I like the poly for several reasons. After a first coat to seal and raise the grain for final sanding
, a second coat is usually sufficient for a piece that doesn't get hard use, like, say, door trim. If it's a table or bar top, I'll throw on a third or fourth coat, sanding
lightly in between to knock off any nibs that show up. (Seems like there's always one little bug doing the backstroke in the paint!) For final finish, a quick rub with 400 paper and then 0000 steel
wool, and it gleams like glass (even the bug spot!).
It is easy to spot-repair a poly-coated table. Sand out the damage, and re-apply just like the original, using 0000 steel
wool to blend the new into the old when you're done. It's quick and it's as good as new.
I have learned that polyurethane
tends to yellow with long-term UV exposure, so I wouldn't use it outside anywhere. For interior stuff that gets a little UV through openings, it's hard to say. An exterior spar/poly finish might be better. I have used that on exterior doors, but not any that I was able to observe over long periods.

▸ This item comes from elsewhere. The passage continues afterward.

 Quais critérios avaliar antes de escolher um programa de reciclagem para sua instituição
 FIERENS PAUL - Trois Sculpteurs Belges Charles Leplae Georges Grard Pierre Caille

The exterior spar/poly that I have used has a yellow tint to it that changes the color of the wood, which is usually not desirable. On dark wood, you wouldn't notice too much. Regular poly is simply crystal clear, no color. I do hate to refinish exterior wood doors that have the old-fashioned varnish on them, all cracked and flaking from moisture and UV. That is a major PITA.
Good luck with the project! I'd like to hear what you decide to do and how it turns out.